### THE PROBLEM
Leave the images out and repeat the data exactly as given.

(INFORMATION SUPPLIED Opens)

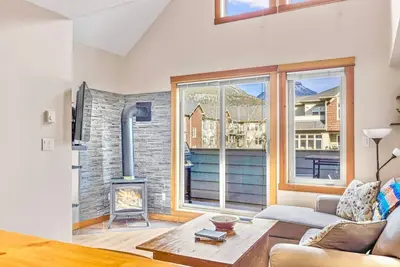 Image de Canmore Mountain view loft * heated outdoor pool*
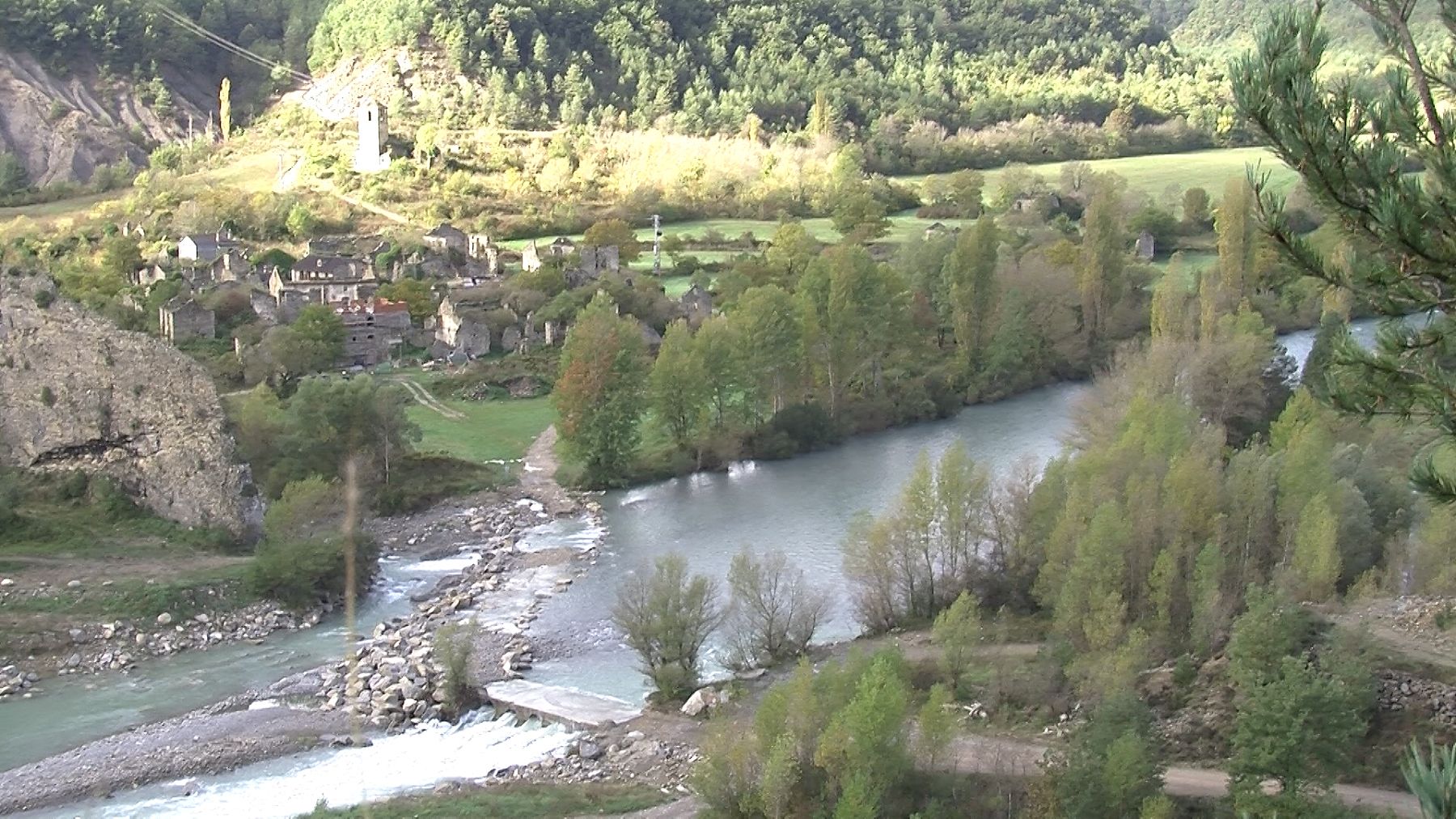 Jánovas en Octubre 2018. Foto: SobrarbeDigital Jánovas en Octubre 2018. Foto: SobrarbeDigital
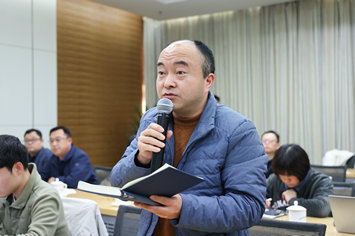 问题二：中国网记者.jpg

(INFORMATION SUPPLIED Closes)

### EXERCISE SOLUTION
 Image de Canmore Mountain view loft * heated outdoor pool*
 Jánovas en Octubre 2018. Foto: SobrarbeDigital Jánovas en Octubre 2018. Foto: SobrarbeDigital
 问题二：中国网记者.jpg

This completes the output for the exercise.